北京五輪翌年に子宮内膜症が判明、選手として女性として悩んだ手術の決断

 迎えた五輪の舞台。室伏さんは自身の納得のいくレベルの記録を投擲したものの、予選敗退でアテネを後にした。

「副作用ですごい調子が悪かった直前の大会で、日本記録を更新できただけに、『調子の良しあしを、ピルのせいにはできない』と思い、むしろ自信が出ました。

ピルの服用をしなかったとしても、記録をさらに伸ばせたかどうかは、わかりません。ただ、伸び盛りだっただけに、もうちょっと気持ちよく、質のいい練習ができたのかなと、悔やまれます」

 五輪出場の後は、腰痛症が悪化。その痛みから日常生活にも支障をきたし、練習を積むことができなくなった。08年北京五輪出場を逃した室伏さんは、まさに満身創痍の体で次のロンドン五輪シーズンに突入する。

 そして、09年3月、今度は過去に経験したことのないほどの激しい痛みが下腹部に走る。救急外来で検査をすると、子宮内膜症と診断された。

「ポリープの問題は片付いたのに……と思いました。気づかないうちに病気が進行し、卵巣にできた嚢胞(チョコレート嚢胞)がどんどん大きくなって、破裂してしまった。まさにサイレントキラーですよね」

「まずは、低用量ピルを用いてホルモンの影響を抑え、腫瘍を縮めましょう」。そう当時の主治医から告げられ、09年4月からの半年間、低用量ピルによる投薬治療を継続した。しかし、残念ながら腫瘍は縮まなかった。

「長期間チョコレート嚢胞を保持していると、癌にも進展する可能性もある」。医者の診断を聞き、腹腔鏡での摘出を、覚悟を持って、決めた。

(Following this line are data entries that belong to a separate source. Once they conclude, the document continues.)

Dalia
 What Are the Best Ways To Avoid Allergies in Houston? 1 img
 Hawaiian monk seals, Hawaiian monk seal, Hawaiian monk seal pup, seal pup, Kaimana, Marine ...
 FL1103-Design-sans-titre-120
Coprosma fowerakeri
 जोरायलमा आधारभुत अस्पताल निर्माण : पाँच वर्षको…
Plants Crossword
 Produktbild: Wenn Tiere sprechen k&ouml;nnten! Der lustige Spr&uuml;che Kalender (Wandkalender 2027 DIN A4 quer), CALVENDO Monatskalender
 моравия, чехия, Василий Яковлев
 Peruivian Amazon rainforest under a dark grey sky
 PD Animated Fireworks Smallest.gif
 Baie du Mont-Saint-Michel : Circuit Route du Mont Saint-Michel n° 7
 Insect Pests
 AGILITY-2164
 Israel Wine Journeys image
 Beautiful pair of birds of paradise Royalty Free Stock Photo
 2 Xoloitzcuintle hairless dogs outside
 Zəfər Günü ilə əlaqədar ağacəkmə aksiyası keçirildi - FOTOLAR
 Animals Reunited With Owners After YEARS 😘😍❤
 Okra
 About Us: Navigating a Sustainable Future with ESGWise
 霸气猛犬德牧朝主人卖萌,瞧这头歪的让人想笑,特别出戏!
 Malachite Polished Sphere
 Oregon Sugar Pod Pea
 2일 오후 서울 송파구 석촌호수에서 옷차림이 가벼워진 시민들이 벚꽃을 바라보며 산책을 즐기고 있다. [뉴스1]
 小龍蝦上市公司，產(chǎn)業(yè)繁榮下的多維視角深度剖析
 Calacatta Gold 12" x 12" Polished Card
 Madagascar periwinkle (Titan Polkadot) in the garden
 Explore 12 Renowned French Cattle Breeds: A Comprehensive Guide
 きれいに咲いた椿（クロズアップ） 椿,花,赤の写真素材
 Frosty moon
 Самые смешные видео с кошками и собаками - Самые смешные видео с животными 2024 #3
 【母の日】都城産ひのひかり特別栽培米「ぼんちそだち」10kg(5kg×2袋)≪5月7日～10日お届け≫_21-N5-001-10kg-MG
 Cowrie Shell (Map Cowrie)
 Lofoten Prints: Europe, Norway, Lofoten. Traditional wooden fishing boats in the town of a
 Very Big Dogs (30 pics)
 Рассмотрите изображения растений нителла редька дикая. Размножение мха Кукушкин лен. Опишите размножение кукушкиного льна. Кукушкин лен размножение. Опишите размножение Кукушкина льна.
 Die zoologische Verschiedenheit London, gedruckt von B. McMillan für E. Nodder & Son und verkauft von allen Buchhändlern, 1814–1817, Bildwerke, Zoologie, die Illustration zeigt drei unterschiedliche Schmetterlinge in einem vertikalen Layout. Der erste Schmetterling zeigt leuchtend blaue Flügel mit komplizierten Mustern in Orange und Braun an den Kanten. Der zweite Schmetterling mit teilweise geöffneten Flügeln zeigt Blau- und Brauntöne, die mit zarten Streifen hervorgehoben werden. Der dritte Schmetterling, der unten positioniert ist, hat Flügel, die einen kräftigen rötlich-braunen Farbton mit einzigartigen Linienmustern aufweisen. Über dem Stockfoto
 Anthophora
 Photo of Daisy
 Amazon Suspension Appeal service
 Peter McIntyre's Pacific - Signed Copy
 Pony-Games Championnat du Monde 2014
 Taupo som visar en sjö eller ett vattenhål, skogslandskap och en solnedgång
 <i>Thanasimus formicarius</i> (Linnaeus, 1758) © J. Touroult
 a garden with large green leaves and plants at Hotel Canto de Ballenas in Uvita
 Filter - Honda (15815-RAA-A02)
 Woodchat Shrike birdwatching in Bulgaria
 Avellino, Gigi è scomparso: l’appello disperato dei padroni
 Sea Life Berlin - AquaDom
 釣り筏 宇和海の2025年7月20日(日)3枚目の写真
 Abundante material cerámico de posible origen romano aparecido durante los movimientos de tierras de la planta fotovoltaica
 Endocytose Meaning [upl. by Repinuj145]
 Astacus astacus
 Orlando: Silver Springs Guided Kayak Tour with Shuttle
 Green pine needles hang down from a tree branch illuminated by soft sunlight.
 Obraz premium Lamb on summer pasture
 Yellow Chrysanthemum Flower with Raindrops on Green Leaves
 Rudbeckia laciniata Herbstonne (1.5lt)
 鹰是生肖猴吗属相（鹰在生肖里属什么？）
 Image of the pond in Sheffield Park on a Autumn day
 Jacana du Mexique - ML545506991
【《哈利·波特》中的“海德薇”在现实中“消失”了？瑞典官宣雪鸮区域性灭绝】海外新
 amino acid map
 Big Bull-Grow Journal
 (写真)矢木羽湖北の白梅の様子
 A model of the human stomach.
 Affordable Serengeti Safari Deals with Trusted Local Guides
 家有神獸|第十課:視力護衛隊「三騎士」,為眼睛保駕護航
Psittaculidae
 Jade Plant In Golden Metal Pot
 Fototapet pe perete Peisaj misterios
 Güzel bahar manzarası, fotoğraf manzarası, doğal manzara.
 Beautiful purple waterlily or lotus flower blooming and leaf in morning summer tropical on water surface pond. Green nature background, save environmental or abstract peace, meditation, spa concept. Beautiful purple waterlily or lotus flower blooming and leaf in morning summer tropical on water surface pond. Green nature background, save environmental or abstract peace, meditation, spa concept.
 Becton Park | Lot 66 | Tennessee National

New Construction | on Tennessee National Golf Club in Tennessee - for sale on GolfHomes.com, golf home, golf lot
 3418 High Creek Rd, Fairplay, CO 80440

「手術を受けるかどうするか、アスリートとしてどう判断すればよいのか。当時は、そのために必要な情報が全くありませんでした。人づてに紹介してもらい、やっとウィンタースポーツの選手を手術した経験を持つ婦人科のスポーツドクターと電話で相談することが出来ました。そのドクターには、担当された選手がどのように術後復帰し、トレーニングはいつ、何からできたかという話も伺いました。

 とはいえ、術後の経過は、個人差があり同じようにはならない。実際に、どうなっちゃうのだろう。復帰出来たとしても、今までのように競技活動ができなくなったらどうしよう……。手術をしなければならない状況だとわかってはいても、不安ばかりでした」

「このままの状態でいても人生にも、競技に影響する。私は一生の体なんだから、まずは健康を優先しよう。治して、もう1回、競技に取り組もう」。手術を決めたのは、自分のなかでそう、着地点を見つけられたときだった。

「病態から、絶対に手術をしなければダメだ、というケースもあると思いますが、私の場合は服薬による副作用もあり、根治を目指すことが一番の選択だと考えました。最後に決めるのは自分でしかない。コーチである父や兄からも『健康を取り戻すために、手術をしたほうがいい』と後押しされ、自分でも決断できました。『先生、腫瘍は縮められても服薬ではなくならない、もう取ってください』と伝えました」

 09年11月末日、腹腔鏡による両側チョコレート嚢胞摘出術は無事成功。術後はリハビリから練習復帰までのトレーニングメニューを、自分で考え、組み立てた。というのも、婦人科の術後から競技復帰までの手順やその情報も全くなかったからだ。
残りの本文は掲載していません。